UPDATED 12:53 EDT / JUNE 20 2018

BIG DATA

Teradata sues SAP, alleging trade secret theft

The nearly decade-long romance between data warehousing vendor Teradata Corp. and SAP SE has ended in divorce.

Teradata Tuesday filed suit against the enterprise resource planning giant in the U.S. District Court for the Northern District of California, accusing SAP of taking advantage of a 2008 partnership between the two companies to steal Teradata trade secrets that it then used to develop its enormously successful HANA analytical database management system. Claiming that SAP’s actions have “irretrievably harmed Teradata,” the suit seeks unspecified damages and an injunction against SAP’s continued use of what it alleges is confidential Teradata information.

An SAP spokesman said the company “was surprised to learn of the complaint.” SAP wouldn’t comment on the specifics, but the company “may issue a statement, if appropriate, after it has had an opportunity to review the complaint.”

Teradata’s 36-page case claims that SAP lured Teradata into the joint venture with the stated objective of ensuring fast and efficient interoperation between SAP ERP and Teradata’s enterprise data warehouse. SAP then methodically stole Teradata intellectual property that it used to solve some key, scalability and integration problems before unilaterally terminating the partnership in 2011, the complaint alleges.

The suit alleges “HANA developers … utilized the same solution developed by Teradata’s engineers and developers [during the two companies’ collaboration] using Teradata’s trade-secret techniques for optimizing the execution of  analytical queries and the speed of data storage and retrieval in large-scale databases,” the suit says. It further claims that “key SAP employees, including [former SAP Chief Technology Officer Vishal] Sikka, the so-called “mastermind” of HANA, were aware of and supported SAP’s “misappropriation.”

In blunt language, Teradata alleges that SAP is “now attempting to coerce its customers into using HANA only, to the exclusion of Teradata” in an effort to lock them into the SAP platform. HANA has been a linchpin of SAP’s strategy for much of the last decade and the connective tissue among the company’s latest generation of applications. In January, the company said S4/HANA had 7,900 customers, up 46 percent from the previous year.

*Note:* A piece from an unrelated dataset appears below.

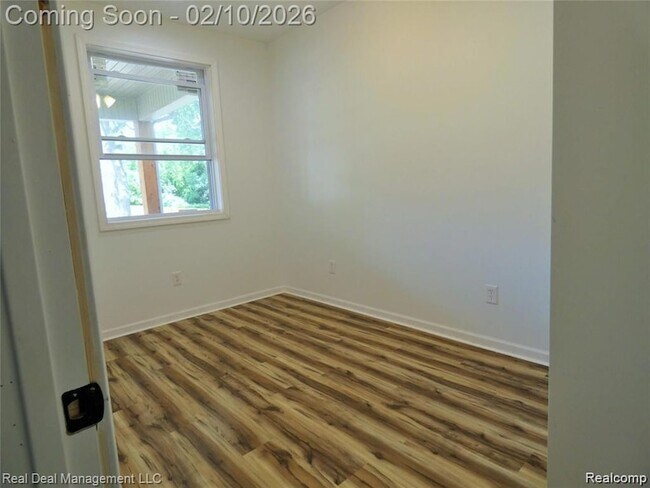 Building Photo - 485 Upland Ave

Having misappropriated intellectual property, SAP then sought to block customers from using data warehouse technologies other than its own, Teradata alleges. Given the extremely high costs of switching ERP providers, SAP’s ERP customers are effectively locked into using SAP’s ERP applications, and SAP is now attempting to lock them into using only HANA in the [enterprise data warehousing] market as well,” the complaint says.

Intellectual property suits are relatively rare in the computer industry and almost unheard of in the enterprise market, with most disputes resolved behind closed doors. Among the more notable recent examples were the battle between Uber Technologies Inc. and Alphabet Inc. over trade secrets related to autonomous vehicles and Samsung Electronics Co. Ltd.’s legal tussle with Apple Inc. over mobile phone design.